Mr Sunak said the plans would allow a transition to net zero "without adding undue burdens on households and securing the country's long-term interest".
"Domestic energy will play a crucial role in the transition to net zero, supporting jobs and economic growth, while also protecting us from the volatility of international markets and diversifying our energy sources," he said.
"The clarity and certainty that our new legislation will provide will help get the country on the right path for the future."
Claire Coutinho, the energy secretary, added: "The UK has cut its emissions faster than any of its peers. But as the independent Climate Change Committee acknowledges, we will need oil and gas even as we reach net zero in 2050.
"As energy markets become more unstable it's just common sense to make the most of our own homegrown advantages and use the oil, gas, wind and hydrogen on our doorstep in the North Sea.

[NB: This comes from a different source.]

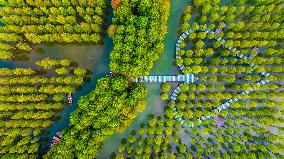 Metasequoia glyptostroboides Forest in Hongze Lake Wetland Scenic Area in Suqia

"Rather than importing dirtier fuels from abroad, we want to give industry the certainty to invest in jobs here and unlock billions of pounds for our own transition to clean energy."
The Labour Party has previously stated it would not grant new oil and gas licences in the North Sea as part of its strategy to achieve zero-carbon electricity by 2030 - which has put it at loggerheads with some of its trade union supporters.
The policy of granting new oil and gas licences has been floated as one of the measures that could appear in the King's Speech.
The prime minister said the King Speech will take the "long-term decisions to address the challenges this country faces, not the easy way out with short-term gimmicks".